Sep 8, 2009, 11:27 GMT
Beijing - At least 35 people died and 44 were missing after underground gas exploded early Tuesday at a coal mine in the central Chinese province of Henan, the government said.
The blast ripped through the Xinhua number four mine in Henan's Pingdinghsan city, as 93 miners were working underground at about 1 am Tuesday (1700 Monday GMT), the State Administration of Work Safety said.
Fourteen workers escaped after the explosion, 35 were confirmed dead, and rescuers were searching for the remaining 44 miners, the administration said.
It said the privately run mine was in the process of a technological upgrade and had resumed operation without permission from local authorities.
A preliminary investigation by safety officials at the site suggested that 'illegal production' was to blame for the accident, state media reported from Pingsdingshan.

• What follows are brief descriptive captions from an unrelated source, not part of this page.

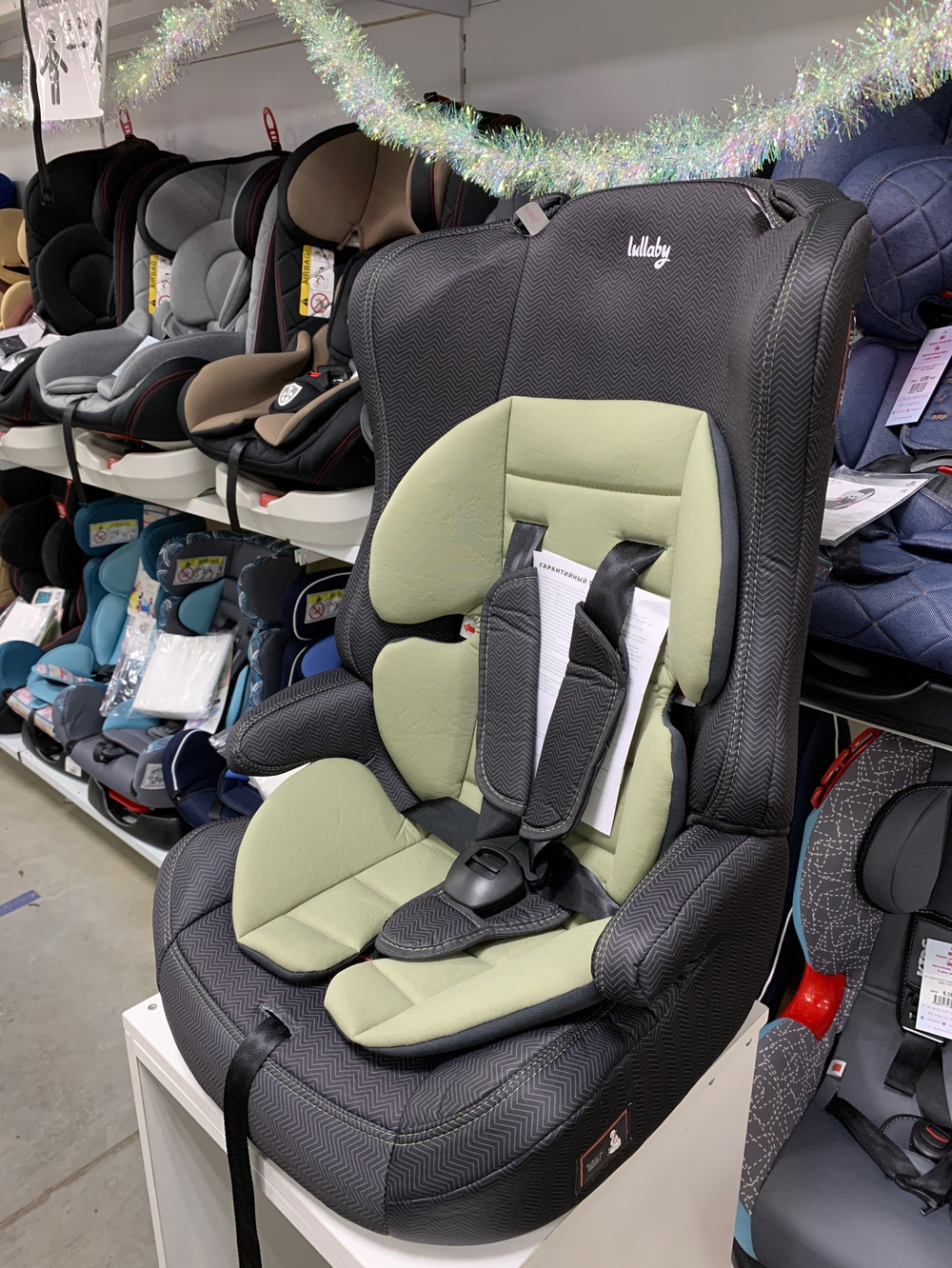 Автокресло 513 RF (Lullaby) ПК (01. BLACK+BLACK ЗИГЗАГ)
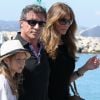 Sylvester Stallone entouré de son épouse Jennifer Flavin, quitte un yacht pour se rendre à l'aéroport de Nice et rejoindre Paris, le mercredi 8 août 2012.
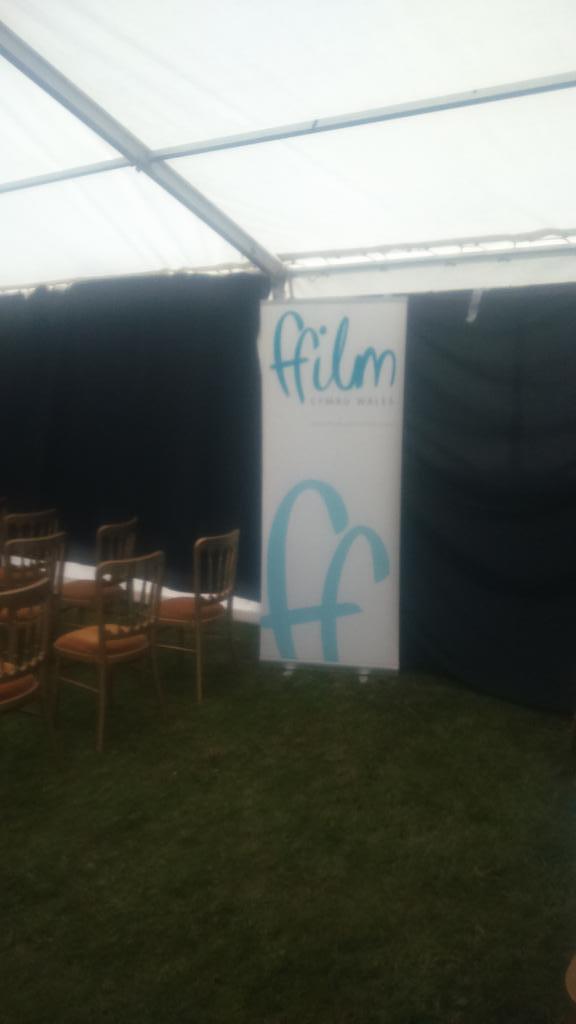 SwanSweeTree's tweet photo. All setup for this evening with @FilmInAfan  awaiting tonight's mobile cinema of Dark Horse http://t.co/7CClF9K9hN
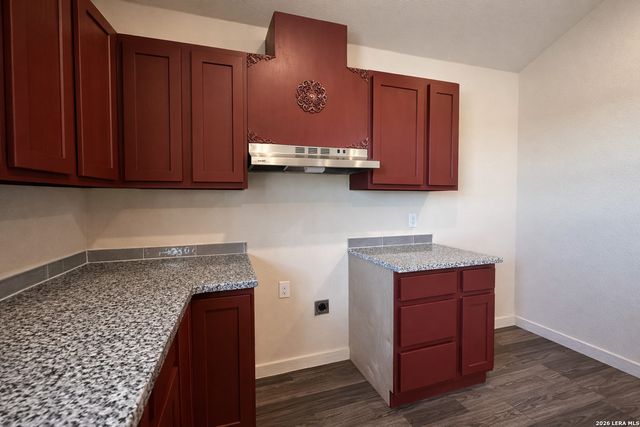 618 Cr 124, Floresville, TX 78114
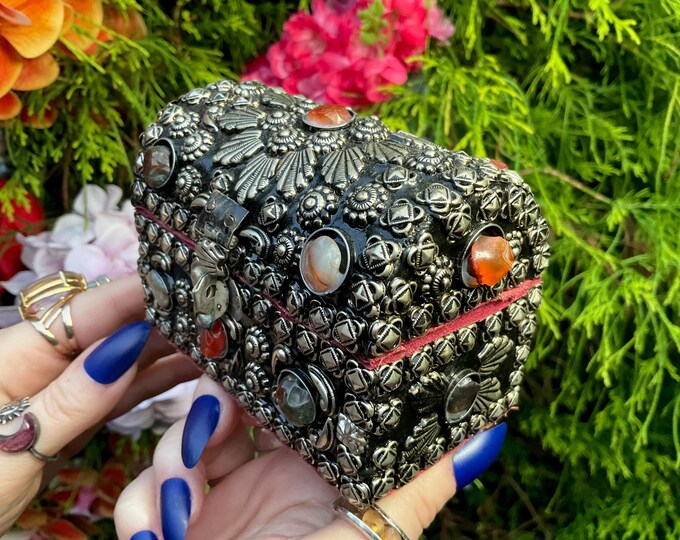 Vintage Agate Inlaid Moroccan Jewelry Box ~ Moorish Dome Top w/ Semi Precious Stones ~ 4" Long Handmade in Morocco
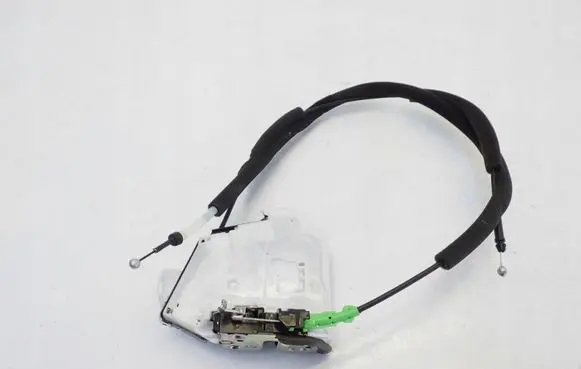 Nissan Qashqai J12 Rear door lock 8250160E0A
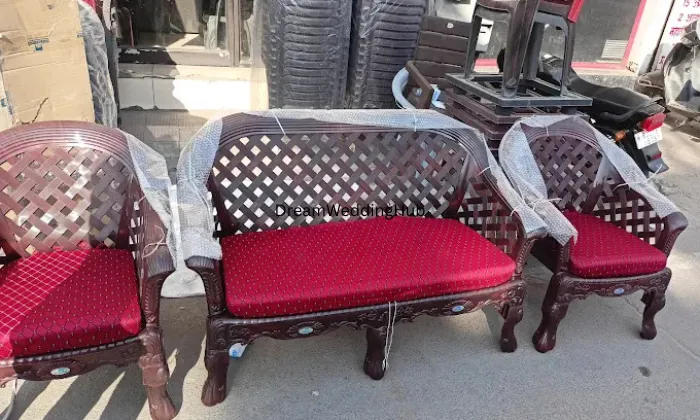 Delux Furniture/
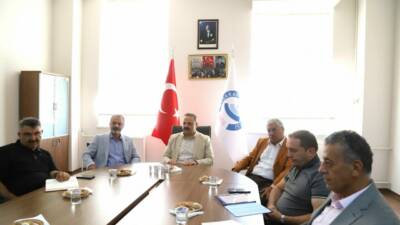 Aksaray Üniversitesi (ASÜ) Rektör Prof. Dr. Alpay Arıbaş’ın başkanlığında Kalite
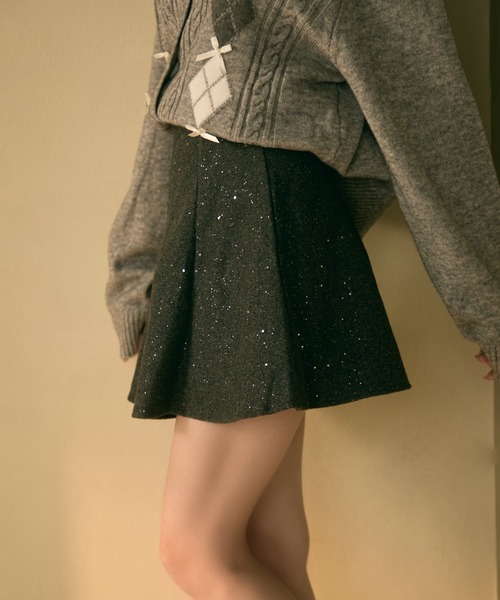 TITTY&CO.（ティティーアンドコー）の「ラメフレアミニスカート（スカート・レディース・ブラック/グレー・FREE）」の8枚目の写真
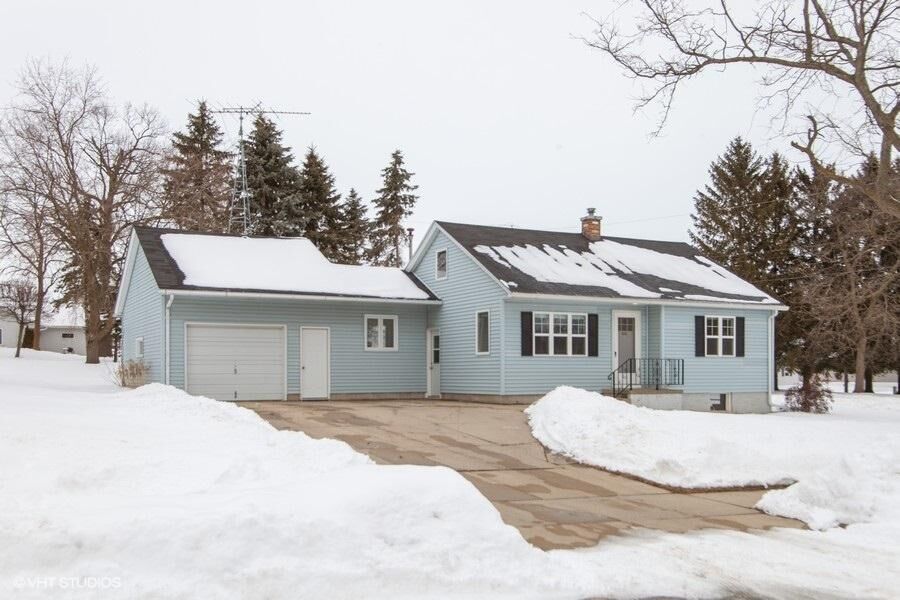 Property Photo:  1010 Mary Ln  WI 53048 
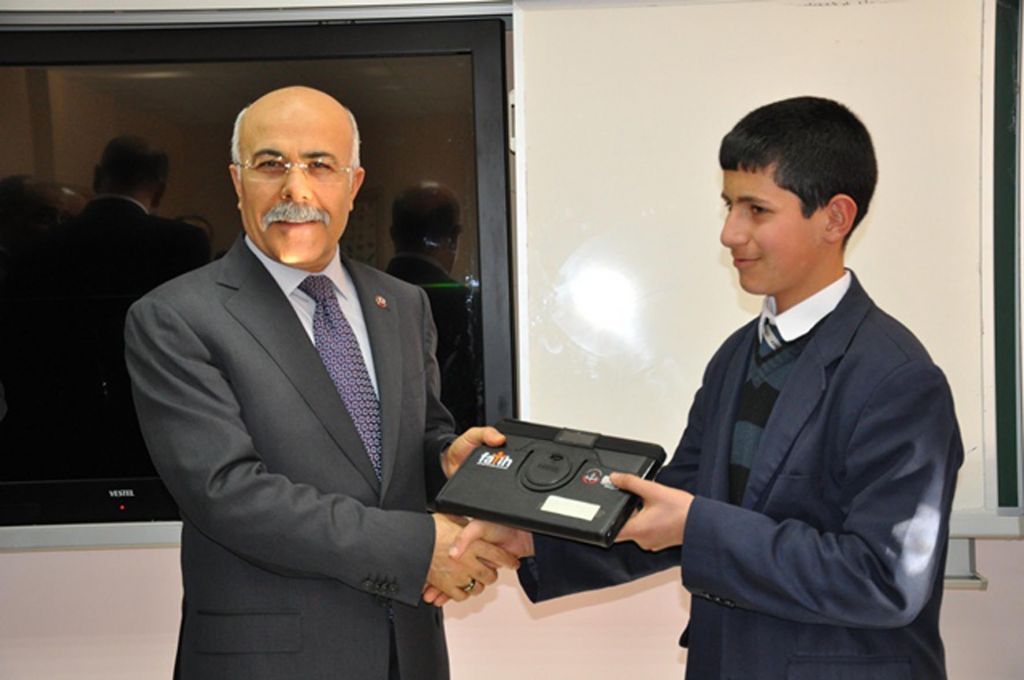 İlimiz'de Fatih Projesi Kapsamında Tablet Bilgisayar Dağıtımı Yapıldı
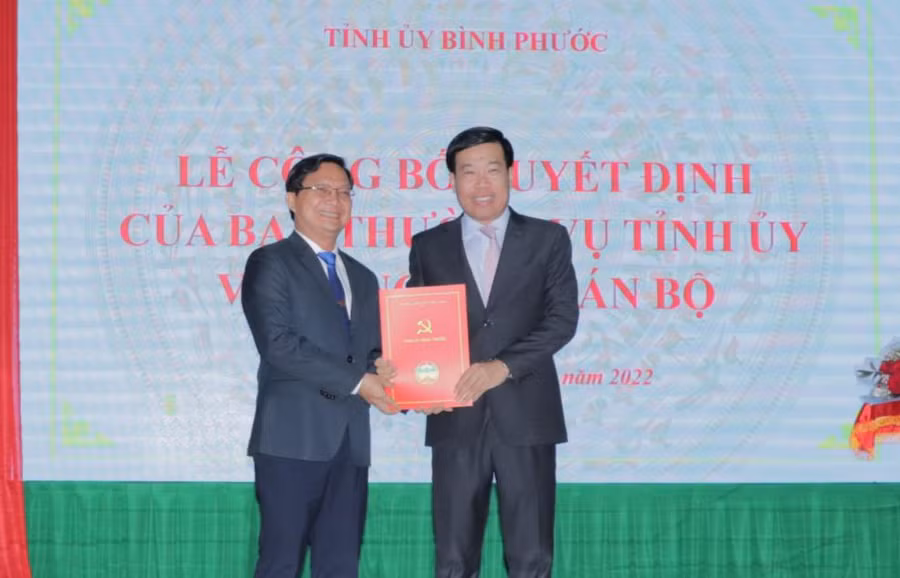 Ông Hà Anh Dũng nhận quyết định giữ chức Bí thư Thành ủy Đồng Xoài. Ảnh: H.G.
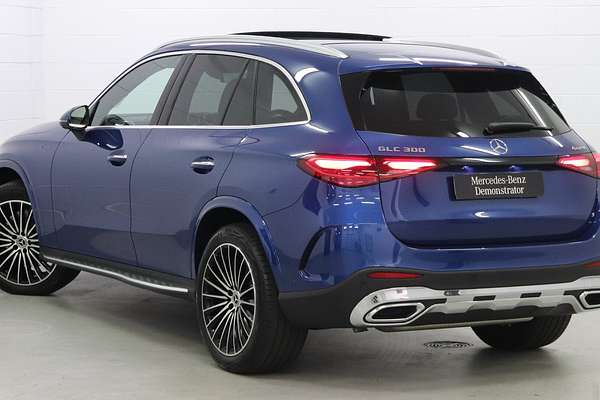 2025 Mercedes-Benz GLC-Class GLC300 X254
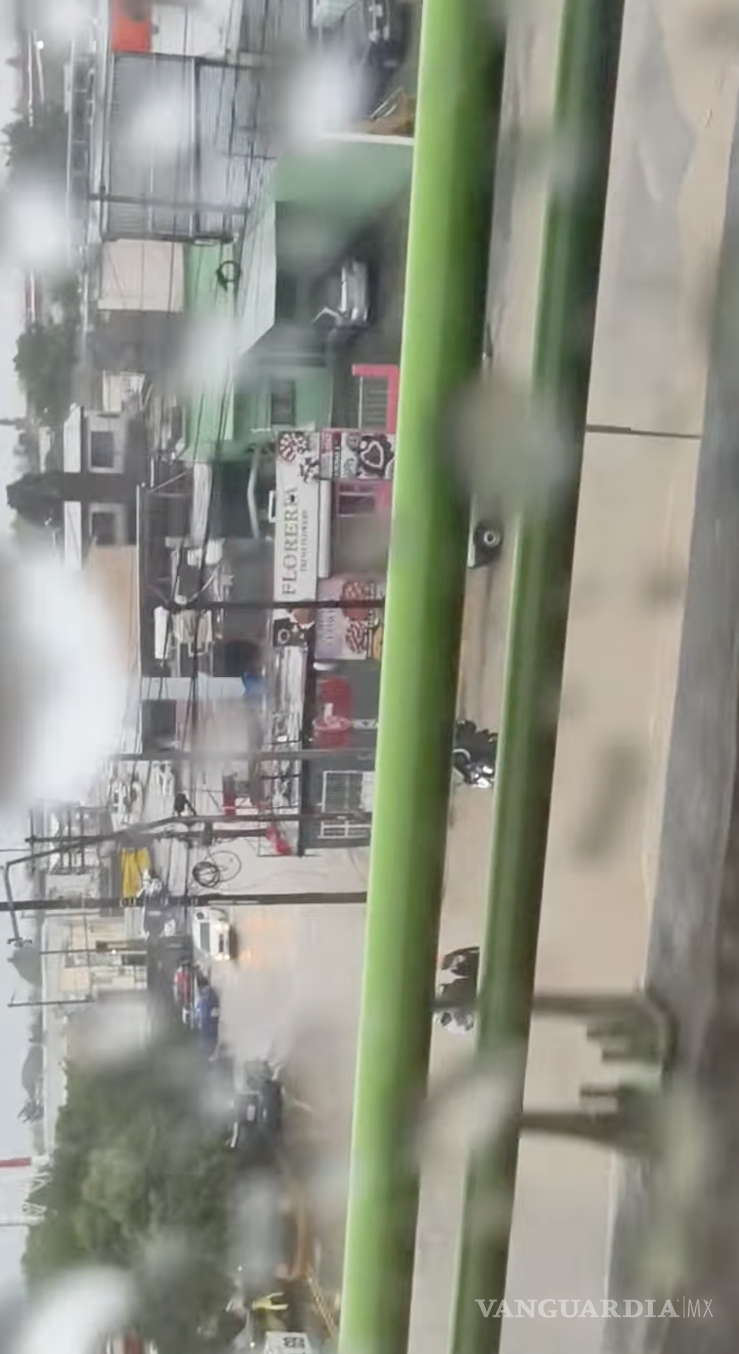$!En el sector oriente, en Fundadores, se registraron importantes acumulaciones de agua tras varias horas de precipitaciones.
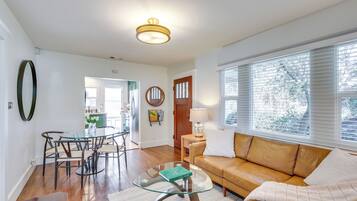 Cottage (2 Bedrooms) | Interior
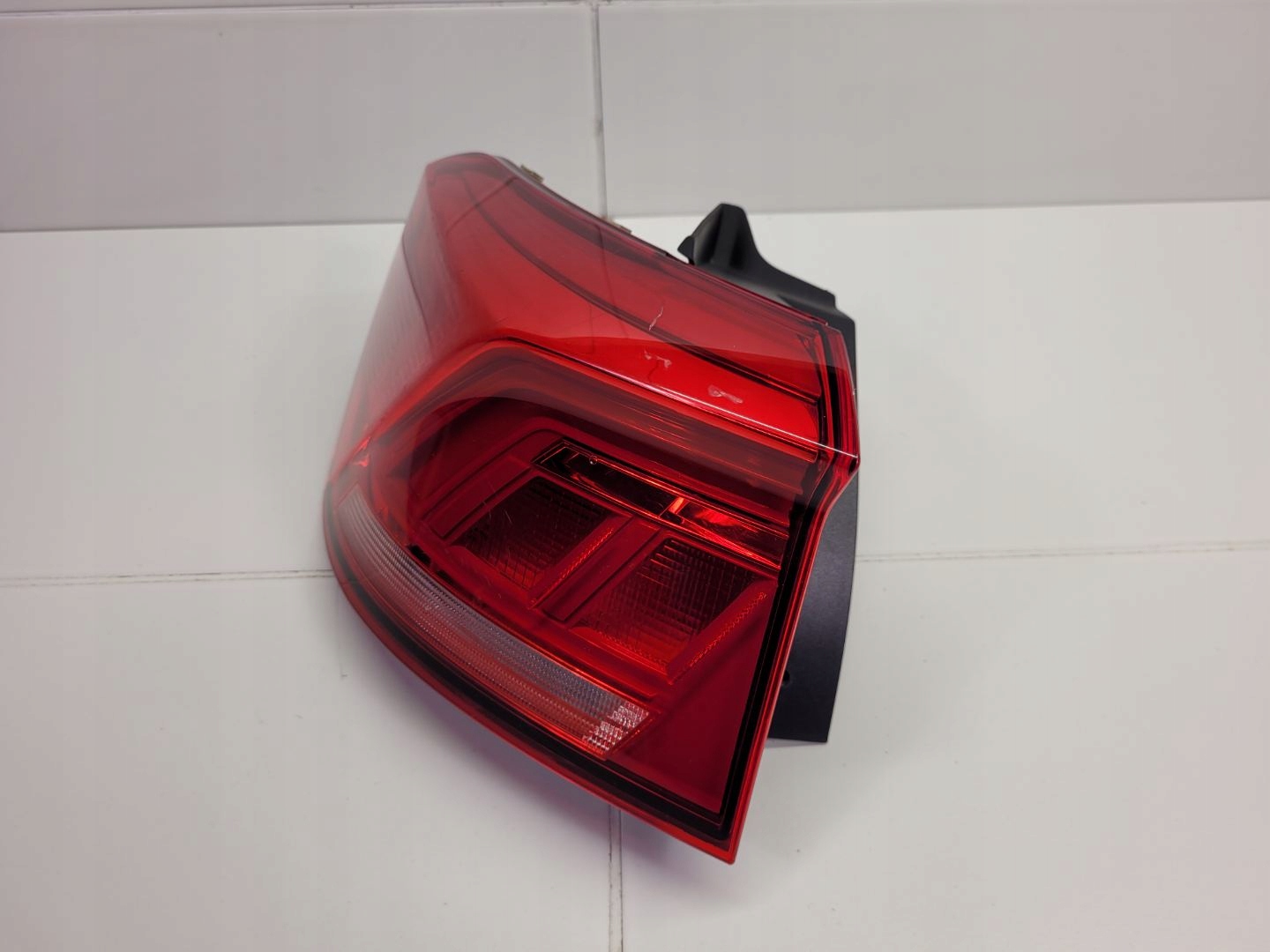 light rear left side Volkswagen T-Roc 2019 2GA945095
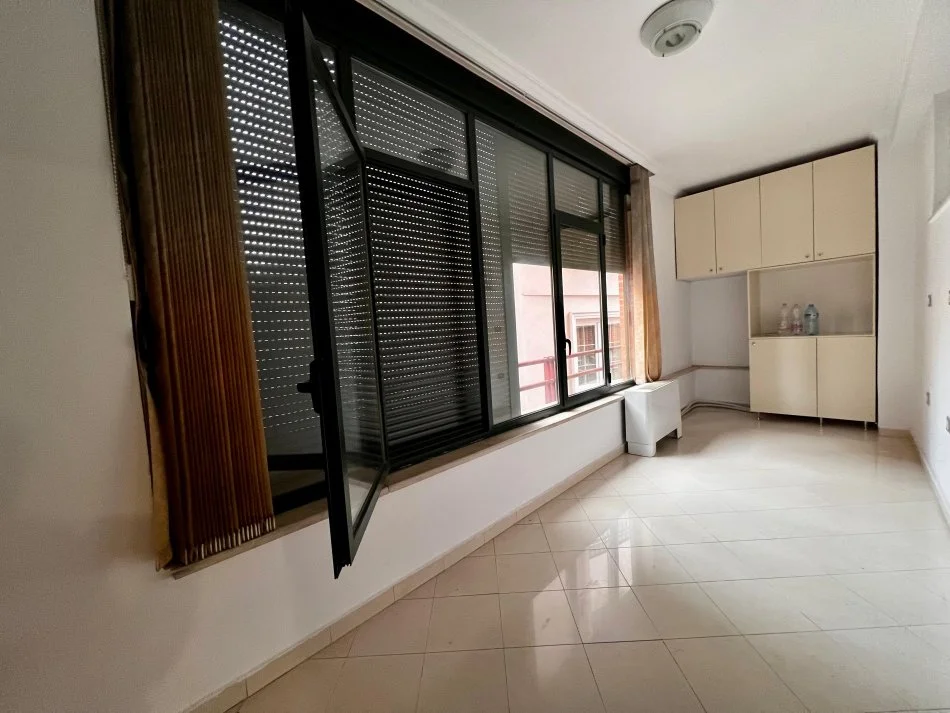 Tirane, jepet me qera apartament 3+1 Kati 3, 137 m² 950 € (MYSLYM SHYRI)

Local authorities reportedly froze the mine's bank account and the mine owners were kept under under police surveillance, the official Xinhua news agency said.
At least 60 rescue workers were taking turns to search the shaft for the 44 missing miners, while dozens of ambulances, police vans and civil engineering vehicles were on standby at the pit head.
The first group of rescuers arrived an hour after the accident and succeeded in restoring most of the the underground ventilation system by 11 am, the agency quoted local coal official Zhang Jufeng as saying.
It said the mine was township owned, rather than privately owned, and licensed to produce 150,000 tons of coal annually.
China reports thousands of deaths at coal mines each year, but the exact total remains unclear since many mine owners fail to report deaths or injuries in an attempt to prevent the suspension of work by authorities.
Henan province alone, one of China's top 10 coal mining provinces, reported 1,699 deaths in the first eight months of this year, a decrease of 22 per cent from the same period of 2008, Xinhua said.
The accidents are often triggered by outdated equipment and poor safety measures with many occurring at illegal mines.
Following Tuesday's explosion, the provincial government ordered immediate safety inspections of all coal mines in Henan, while Pingdingshan city government suspended production at all 157 coal mines in the city, the agency said.